Shahariar Sadat, Director for Academic and Legal Empowerment, Centre for Peace and Justice, BRAC University in this regard noted, "We are more concerned with finishing the syllabus and teaching students how to memorise. We are more inclined to provide students with knowledge without teaching them how and where to apply it."
"In other countries, there is a strong link between academia and industry, which is fostered through research programmes and internships. However, it is still largely absent in our country. So, first and foremost, we must establish this connection."
"We keep the students in the dark about the alignment between education and skills that are needed to secure employment. Students should be informed as early as their higher secondary stage that the university degree is not going to give him/her a job but rather the eligibility of merely applying for the job. This will at least give them ample time to find out and work on the skills that they need or want to develop," explained Sadat.
Rahman also said, "we must align our curriculums with emerging market demands, needs and opportunities. Thirdly, as stated in our new education policy, we must focus on developing a vocational stream in which those who do not wish to pursue higher education but wish to pursue specific areas such as plumbing or electrical technology will be trained in that field as soon as they complete class 8. It is important to note that we have a good national skill development policy on paper, but we must work to ensure its implementation," he continued.
He added, "Finally, we must modify our incentive structures so that those who invest in technological advancement and skill development are incentivised and feel encouraged to do more."

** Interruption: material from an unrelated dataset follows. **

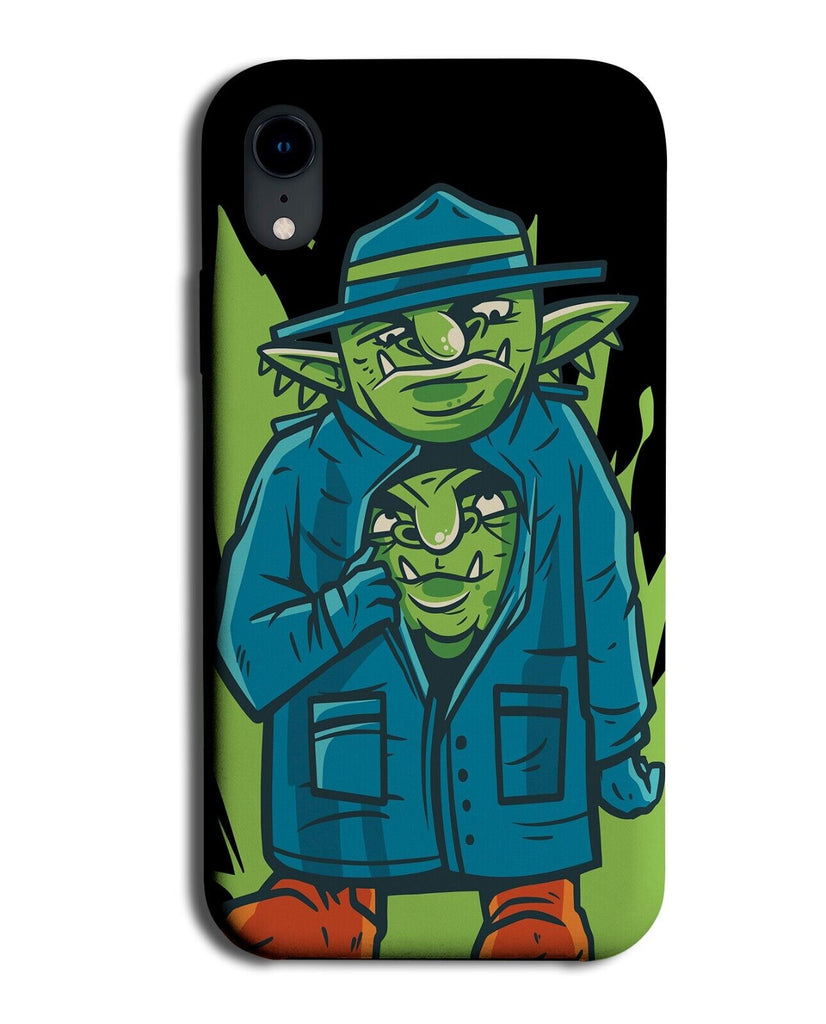 Funny Goblins In Trench Coat Phone Case Cover Goblin Coats Small Tall Troll P076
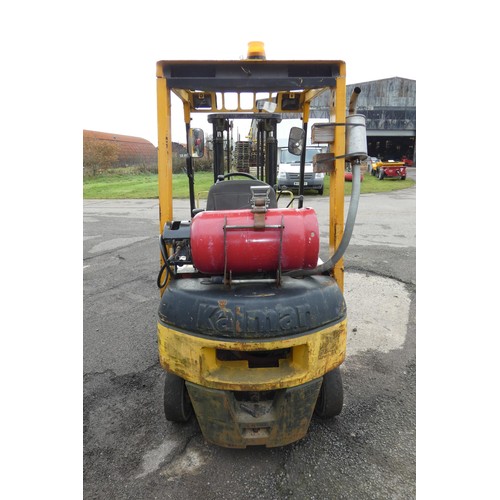 5967 - 1 x Kalmar gas powered forklift truck model 2815 A10G13322 capacity 1500kg, YOM 1990s. Digital hour ...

Another reason why this skills mismatch persists in our country is that people study and gain expertise in one subject, but then choose to work in a completely unrelated field.
Sadat said, "I've seen many students study a subject only to realise after graduation that they don't want to pursue a career in that field. So, they choose to look for jobs in sectors about which they know nothing.
The skills that employers in that particular sector require may differ greatly from those that these students have consciously or subconsciously learned while studying for their academic degree; they fail to demonstrate them in interviews and are thus rejected."
"If a person has studied chemistry and is looking for a job in the banking industry, how will his knowledge and skills match those required by employers in the banking industry?" he added.
However, when it comes to the role that industries can play in bridging the skills gap, Shahariar Sadat believes that relevant bodies within industries should begin offering internships to students as early as the higher secondary level, with the goal of teaching them the skills that they deem most valuable for securing employment in that sector.
With the emergence of the pandemic and the possibility of recurring waves arriving at any time, it has become much more difficult for universities and industries to coordinate and teach individuals the necessary skills in-person than it was before the pandemic. However, as the gravity of the situation necessitates immediate measures being adopted, they can start organising online training courses for them to minimise the damage for the time being.
Refat Bin Reza Rafi, Lecturer, Department of English, East West University said, "In addition to the content taught, online courses can help individuals become self-sufficient and familiar with 21st century skills.
While having only online courses cannot be pragmatic, these in addition to the conventional classroom teachings can prove to be really useful in bringing out the allround performance of a student from within and thus increase employability to a great extent."